Porque é que o glifosato na cerveja é tema

O glifosato está entre as substâncias mais debatidas dos últimos anos. Na prática agrícola, é usado sobretudo para controlar ervas daninhas em campos de cereais. Se ficarem resíduos no grão, estes podem mais tarde surgir na farinha, no pão - ou, neste caso, na cerveja.

Os efeitos a longo prazo de doses baixas e contínuas não estão totalmente esclarecidos pela ciência. Algumas autoridades consideram que, respeitando os limites, não existe um risco relevante; outros painéis técnicos pedem prudência. Para as pessoas consumidoras, a implicação é simples: reduzir fontes evitáveis alivia a exposição global.

“Quem baixa o contacto geral com pesticidas ganha não só na cerveja, mas no quotidiano inteiro - do pão do pequeno-almoço à água da torneira.”

Dicas práticas para um consumo de cerveja mais consciente

Muitas pessoas não querem abdicar da cerveja ao fim do dia, mas preferem limitar riscos e valorizar a qualidade. No quotidiano, ajuda combinar hábitos e decisões de compra:

  • alternar marcas de vez em quando, em vez de beber sempre a mesma
  • experimentar ocasionalmente cervejeiras regionais mais pequenas que falem com transparência sobre matérias-primas
  • incluir cervejas biológicas como complemento no leque de opções
  • não confiar cegamente em imagens publicitárias de “tradição” e ler o rótulo
  • controlar a quantidade: beber menos, mas com escolhas mais criteriosas

O último ponto é muitas vezes desvalorizado. Quem já bebe de forma moderada reduz automaticamente qualquer tipo de “entrada” - desde o próprio álcool até aos vestígios associados à agricultura.

O que este estudo significa para o mercado de língua alemã

Embora o teste tenha incidido sobre cervejas de supermercados franceses, as questões de fundo também dizem respeito à Alemanha, Áustria e Suíça. Muitas marcas operam internacionalmente e, na Europa Central, entram em jogo condições agrícolas e cadeias de abastecimento semelhantes.

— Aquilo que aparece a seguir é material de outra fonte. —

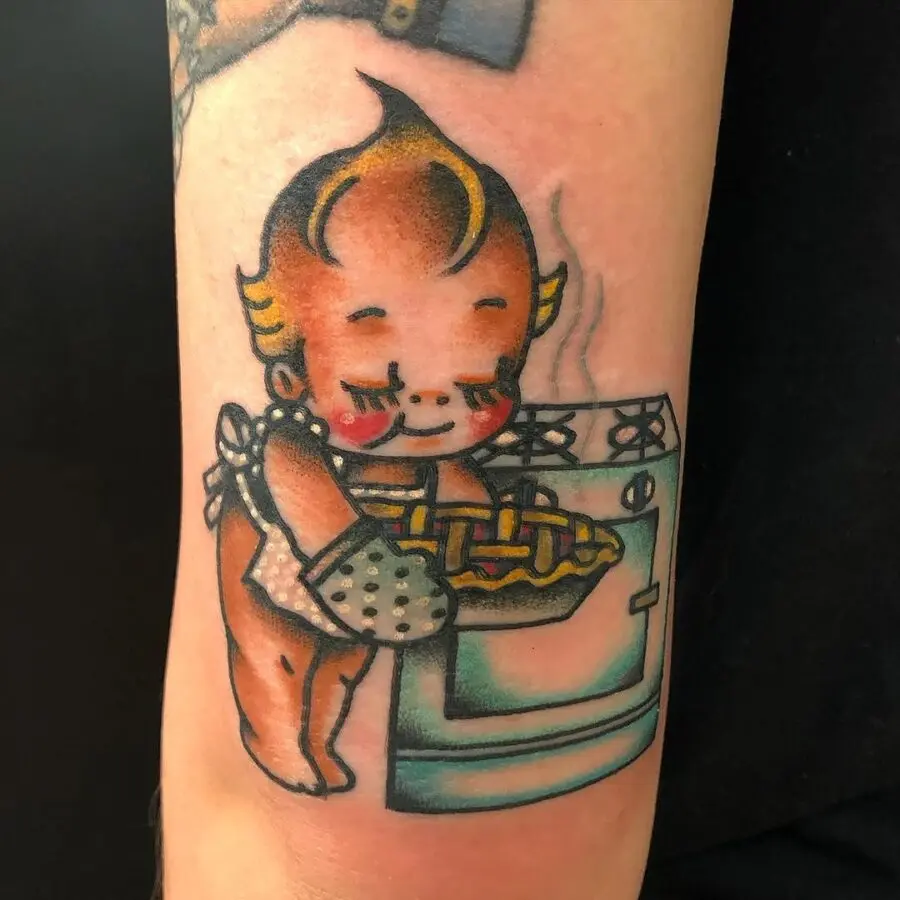 Charming pie-baking baby tattoo design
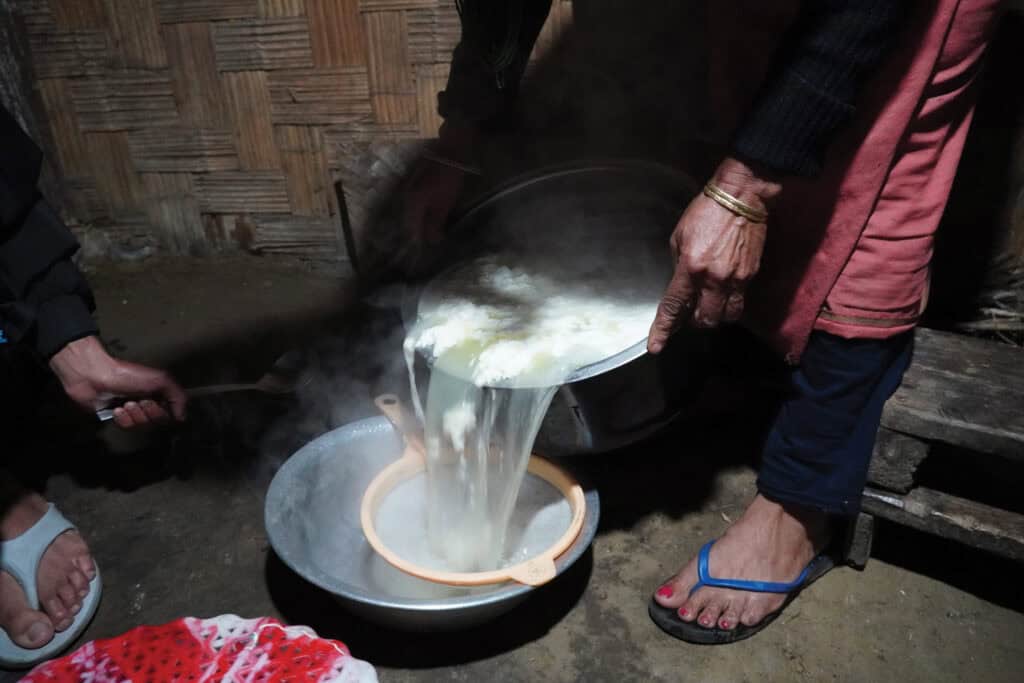 A woman pours fresh chhurpi and whey through a sieve in Sikkim, a Himalayan state where the cheese is popular.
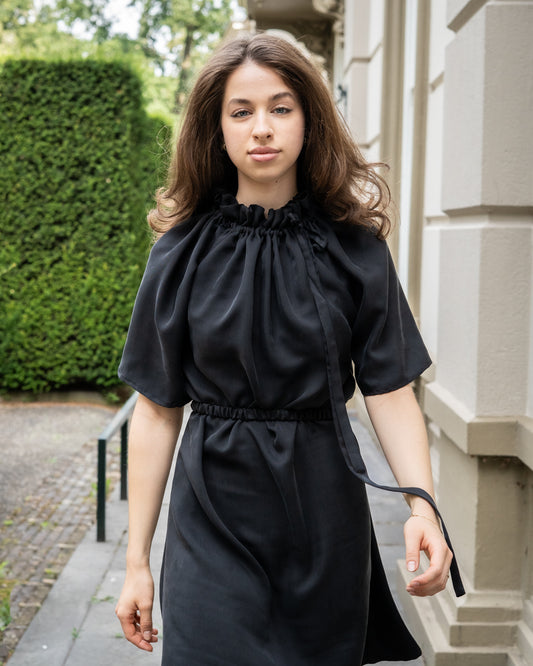 Model draagt multiway zwart / antraciet zijden jurk No.6 van OAXO, met hoge kraag gestyled.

Para quem compra nesses mercados, a mensagem essencial mantém-se: olhar para o conteúdo e para a origem compensa, mesmo em produtos supostamente simples como uma pils standard. Apoiar cervejeiras que privilegiam matérias-primas mais limpas e rotulagem honesta envia um sinal - e, na maioria dos casos, também se traduz em melhor experiência de sabor.